TAX CLEARANCE CERTIFICATES AND A TAXPAYER’S ONLY REMEDY

court 101Tax clearance certificates play an important role in our economy and are, almost without exception, a

requirement when a person submits a tender or bid for doing business with government.

In this regard, tax clearance certificates had always been issued by the South African Revenue Service

(SARS) in terms of internal policy. As there was no legislative framework governing the issue of tax

clearance certificates, there was much uncertainty among taxpayers as to their entitlement to a tax

clearance certificate. Also, it was not clear what recourse a taxpayer had in circumstances where

a request for a tax clearance certificate had been denied or a tax clearance certificate revoked.

This situation clearly jeopardised businesses who depended on tax clearance certificates when

tendering or bidding for contracts.

 

We have previously reported on the case of Zikhulise Cleaning Maintenance and Transport

CC v Commissioner for the South African Revenue Service (case no 28084/2012, delivered on

29 May 2012, GNP), in which the taxpayer’s tax clearance certificate was revoked by SARS in light

of allegations of fraud. The taxpayer brought an application in the High Court for an order declaring

the decision to be of no force and effect pending a review application. The taxpayer argued that it was

not afforded an opportunity to make representations to SARS before the decision was taken to revoke

the tax clearance certificate. The court agreed with the taxpayer’s submissions and granted the order.

 

Interestingly, the court noted that:

“Whether the decision is reviewable, via the Promotion of Administrative Justice Act 3 of 2000 or

through the principle of legality, is not something I need decide. The applicant was entitled to

reasonable notice of SARS’ intention to call the certificate into question and an opportunity to put its

case to SARS.”

 

The Tax Administration Act, No 28 of 2011 (TAA) came into effect on 1 October 2012, and with it

s256 of the TAA (amended as of 20 December 2012). S256 of the TAA deals fully with tax

clearance certificates and prescribes the criteria for issuing and revoking tax clearance certificates.
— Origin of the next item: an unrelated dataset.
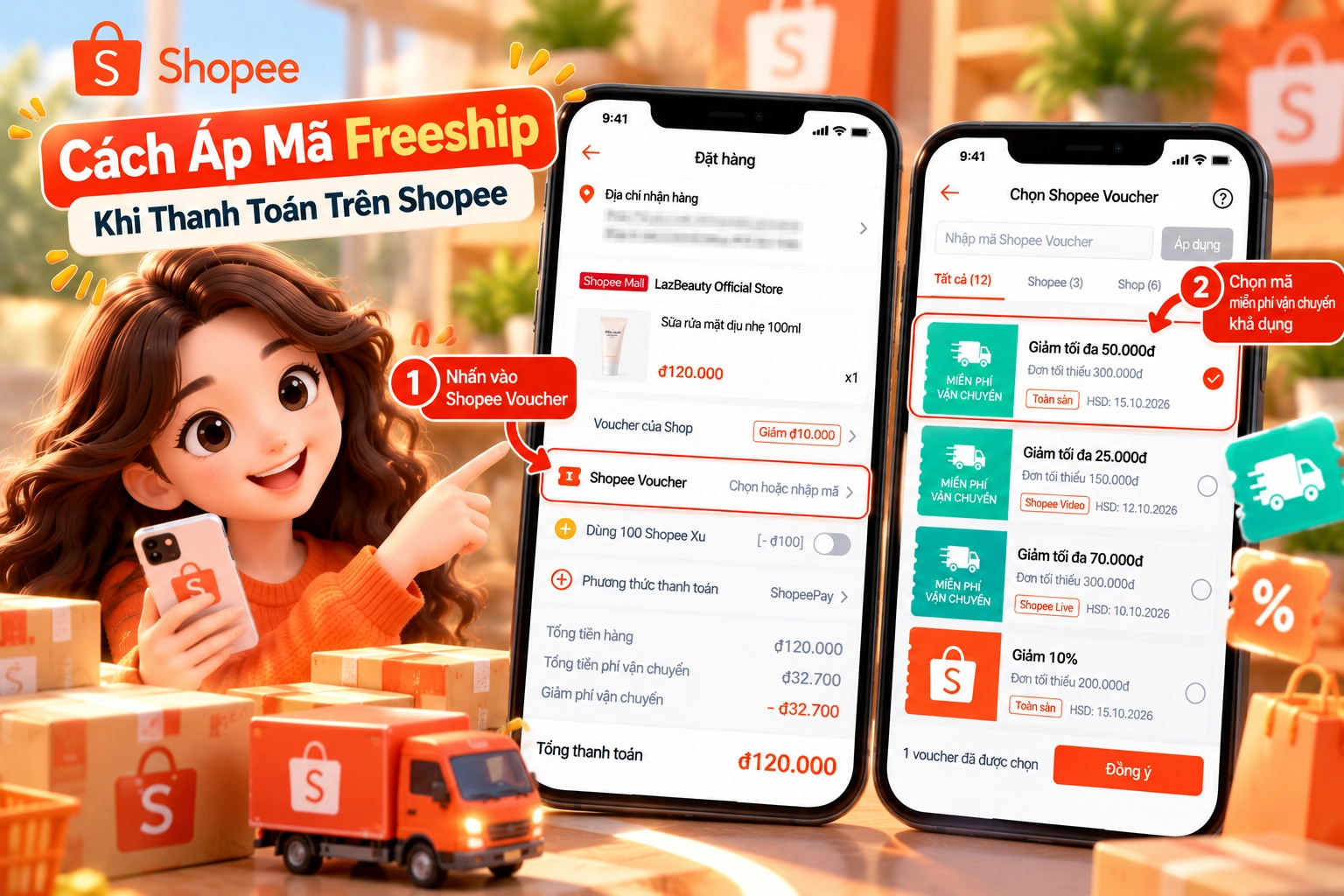 Hình minh họa mục Shopee Voucher ở trang đặt hàng Shopee Hình minh họa mục Shopee Voucher ở trang đặt hàng Shopee khi chọn mã miễn phí vận chuyển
On 3 March 2014 judgment was handed down in the North Gauteng High Court in the case

of Grant Chittenden N.O. and Kestrel Network Solutions (Pty) Ltd v Commissioner for the South

African Revenue Service and another (case no 12795/14). In this case the taxpayer applied for

a tax clearance certificate but SARS refused. The taxpayer subsequently brought an application to the

High Court for an order compelling SARS to issue a tax clearance certificate.

 

In contrast with the Zikhulise case, the court in Chittenden accepted that a decision on issuing a

tax clearance certificate constitutes administrative action for purposes of the Promotion of

Administrative Justice Act, No 3 of 2000 (PAJA) and noted that if a taxpayer is dissatisfied with a

decision by SARS, the taxpayer’s recourse is to bring review proceedings under PAJA. Where no

such proceedings are instated or where it has not yet been finalised, SARS’s decision remains of full

force and effect.

 

The court also noted that:

“The fact that a refusal of a tax clearance certificate is likely to cause the taxpayer involved

actual or impending harm does not entitle them to a mandamus compelling this court or the first

respondent [i.e. SARS] to issue such a certificate.”

 

The court reasoned that the taxpayer sought final relief, and not interim relief, but that in any event,

s256 of the TAA does not provide for the issue of interim or provisional tax clearance certificates and

therefore the court could not order the issue of such a certificate.

 

The court could not grant final relief because it would negatively impact on SARS’ tax administration. Granting final relief would mean that taxpayer’s whose requests for tax clearance certificates had been denied could approach a court to order the issue of such a certificate without the merits for refusal having been considered. The court, perhaps exaggerating, stated that:

“Quite clearly that would cause chaos within the country and tax administration would come to a

standstill.”

 

The importance of the Chittenden case lies in the fact that the court has confirmed that a taxpayer’s

only remedy for addressing issues relating to tax clearance certificates is to make use of the procedures in PAJA. Pending the outcome of such proceedings, SARS’ decision stands and is fully valid. It is irrelevant whether the taxpayer is prejudiced while such proceedings are underway.

 

Given the fact that review proceedings under PAJA could take many months to finalise, a taxpayer’s

business could be severely impacted as it might not be able to submit tenders or bids.